Hunter served as the permanent host for radio station KFUO's "Young Heroes in Music" program which featured the virtuoso talents of young African American musicians. Hunter was also the host of the "Do the Right Thing" feature on Channel 4 for ten years. This program recognized the achievements and heroics of young people.

Hunter retired from broadcast news in November 2002, but was appointed by Saint Louis University (SLU) President, Father Lawrence Biondi, S.J., as the university’s first Vice President for Community Outreach. His mission was to engage the university and the outside community in symbiotic programs to benefit each.

While serving at SLU, Hunter was appointed in 2006 by Missouri Governor Matt Blunt to the five-member St. Louis Police Board for a four-year term. With the position came the honorary rank of colonel. Hunter retired from SLU in 2007. His term on the Police Board expired three years after that.

Hunter joined St.

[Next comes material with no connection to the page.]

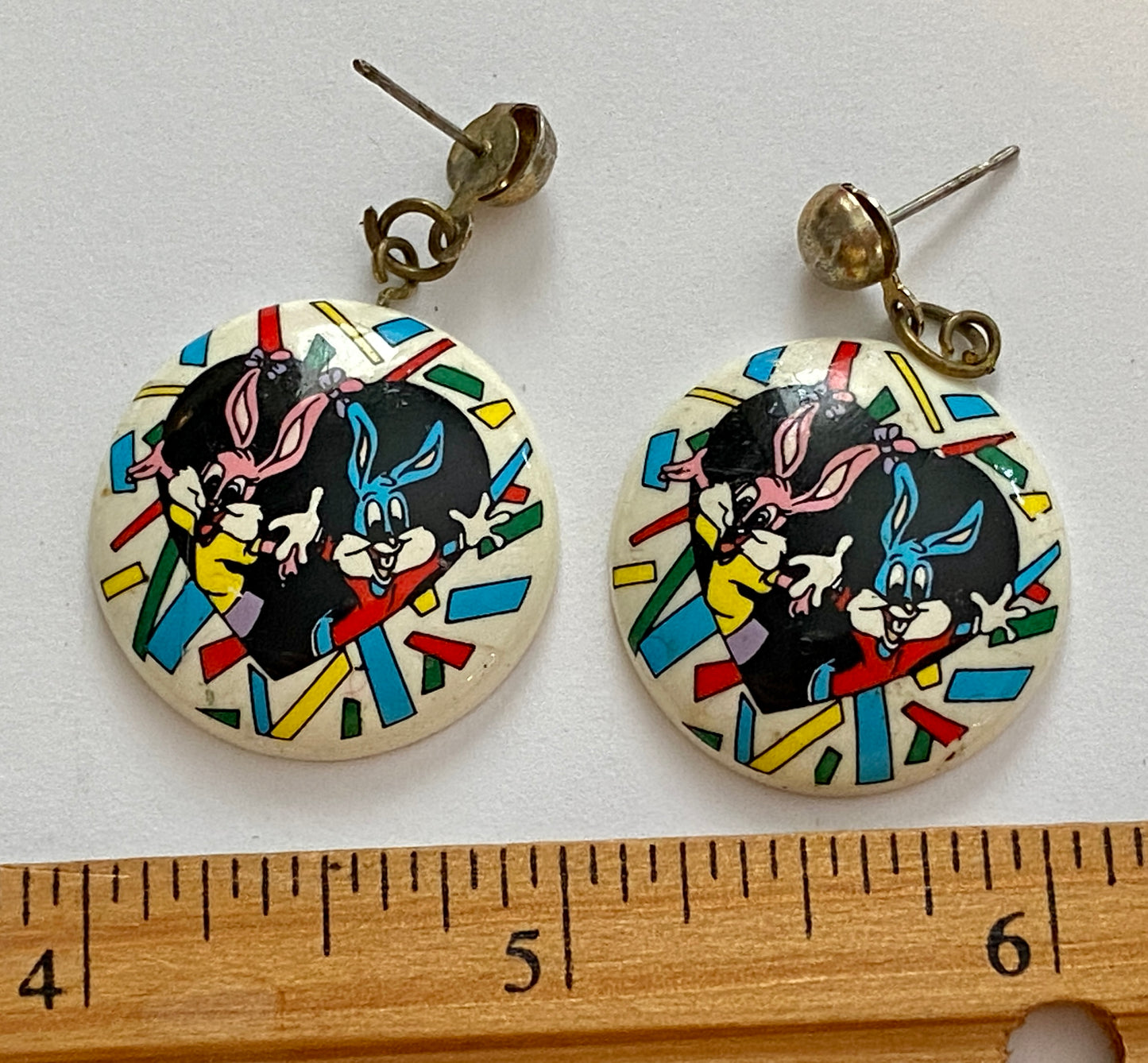 1990 TM Warner Brothers Bugs Bunny Drop Dangle Earrings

Louis Magazine in 2013.

After he researched and wrote a book on his family's history, Hunter, realizing that family root searches can be expensive ventures, raised several hundred thousand dollars from his own pocket and the contributions of individuals and corporations to open the Julius K. Hunter & Friends African American Research Collection at the St. Louis County Library. The collection includes books, census data, maps, slave ship records, and more.

Hunter has guest-directed the St. Louis Symphony Orchestra.

== Personal life ==
He has two daughters, who both are Harvard Honors graduates.

==Works==

Hunter is the author of seven books that include a children’s alphabet book, a college textbook on broadcast news, and two coffee table books on the great mansions of St. Louis. One is Kingsbury Place: The First Two Hundred Years, and the other is Westmoreland and Portland Places: The History and Architecture of America's Premier Private Streets, 1888-1988.

Hunter wrote Honey Island, which traces his family roots back to the birth of his great-great grandfather as a slave born in 1825 in Kentucky. Hunter’s great-great grandfather, Ned Rounds, was a founder of the all-black town of Honey Island, Mississippi, where he became the town’s first banker.

His novel Priscilla and Babe: From Slavery's Shackles to Millionaire Bordello Madams in Victorian Saint Louis, was published in 2014.

Hunter’s memoir TV One-on-One features transcripts of his historic interviews with five United States Presidents along with behind the scenes stories about many of the celebrity interviews he conducted with Pearl Bailey, Ted Kennedy, Jimmy Hoffa, Sophia Loren, Cab Calloway, Milton Berle, Julia Child, Oprah Winfrey, Bette Midler, Ike Turner, and more.